А. В. Карельский писал: «Служители и носители духовности всё более ощущали себя в безнадежном и подавляемом меньшинстве, в постоянной опасности и осаде. Так возник романтический культ гения и поэтической вольности; в нем слились изначальный революционный соблазн свободы и почти рефлекторная реакция самозащиты против устанавливающегося торжества массовости, против угрозы угнетения уже не сословного, не социального, а духовного.
Одиночество и беззащитность человека духа в прозаическом мире расчета и пользы — исходная ситуация романтизма. Как бы в компенсацию этого ощущения социального неуюта ранние немецкие романтики стремились стимулировать свое ощущение сопричастности таинствам духа, природы и искусства. Романтический герой, по их убеждению, изначально заключает в себе всю Вселенную; даже задаваясь целью познать весь мир, их герой в конечном итоге обнаруживает, что все достойные познания тайны этого мира присутствуют уже разрешенными в его собственной душе…
Но обойтись без мира можно, конечно, только в теории. Миг такой свободы неуловимо краток, он — лишь возвышенное философское построение, умозрительная мечта. Очнись от нее — и кругом всё та же жизнь и те же проклятые вопросы».
Эта пространная цитата показалась необходимой для того, чтобы понять не только молодого Вениамина Каверина, но и его таких разных собратьев.

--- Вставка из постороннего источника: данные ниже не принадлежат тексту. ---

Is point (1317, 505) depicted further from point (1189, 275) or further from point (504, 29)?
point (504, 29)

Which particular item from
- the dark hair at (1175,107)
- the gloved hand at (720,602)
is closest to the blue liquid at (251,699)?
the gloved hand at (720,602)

Они оказались в послереволюционной российской действительности, где, словно в тигле химика, перемешалось и разом закипело всё вместе. Это «двоемирие» сильнее всего подействовало на самых молодых — Брата Алхимика (прозвище Вениамина Каверина, придуманное Константином Фединым, прокомментировавшим свою выдумку словами: «Бог знает, что творится в твоей голове») и Брата Скомороха (прозвище Льва Лунца). Потому что молодость обостряет тягу к романтизму и именно в нем видит выход из творческой и жизненной ситуации. От этого — попытки перевести реальный мир в координаты фантастического, нереального, где вместо людей действуют куклы, статуэтки, тени, как было это в ранних рассказах Вениамина Каверина, и происходит всё в далеких странах; или в густой, плотный, трагически осознанный сумрак духовных мук и сомнений, как у Льва Лунца.
Думается, сходными настроениями обусловлено было, хотя бы отчасти, и творчество Брата Мечника (прозвище Михаила Зощенко) — его, правда, они повели в иную сторону, если воспользоваться определением А. В. Карельского: он предпочел «ощетиниться» против внешнего мира «колючей броней иронии, издевки, сатиры».
В «Освещенных окнах» Каверин пишет о Зощенко: «В „Рассказах Назара Ильича господина Синебрюхова“ Зощенко… проследил лицемерно-трусливый путь мещанина через революцию и гражданскую войну. В этой книге было предсказано многое… Беспространственность утвердилась в эмоциональном значении. Эта книга писалась, когда Зощенко пришел к „серапионам“… Думаю, что он уже тогда был высокого мнения о своем значении в литературе… Малейший оттенок неуважения болезненно задевал его. Он был кавалером в старинном, рыцарском значении этого слова — впрочем, и в современном: получил за храбрость четыре ордена в годы Первой мировой войны и был представлен к пятому. Он был полон уважения к людям и требовал такого же уважения к себе».
В своей последней книге «Эпилог» Каверин сравнит Зощенко с Маяковским: «Так же, как искренний голос Зощенко странно звучал среди неумеренных восхвалений, львиный рык Маяковского, которому „агитпроп в зубах навяз“, совсем некстати нарушал государственную тишину, которая, как паутина, год за годом всё плотнее опутывала то, что совершилось, совершалось, намечалось в стране. Как известно, паутина оказалась настолько звуконепроницаемой, что мир поверил в ее существование лишь в семидесятые годы, с выходом „Архипелага ГУЛАГ“».
К этим выводам Вениамин Александрович Каверин пришел десятилетия спустя. И мы еще вернемся к этим десятилетиям.
А пока речь идет о событиях 1920-х годов, уместно вспомнить два трагикомических случая, рассказанных Кавериным в «Освещенных окнах».
В одну из суббот обсуждали поэму Всеволода Иванова, на которую Каверин обрушился со всем запалом юношеского максимализма, а потом начал читать свои стихи школьник Геннадий Фиш, впоследствии известный писатель. Эти стихи разозлили Каверина еще больше, он «презрительно, уничтожающе» разругал стихотворение, посвященное памяти Александра Блока, дважды к тому же перепутав фамилию Фиша.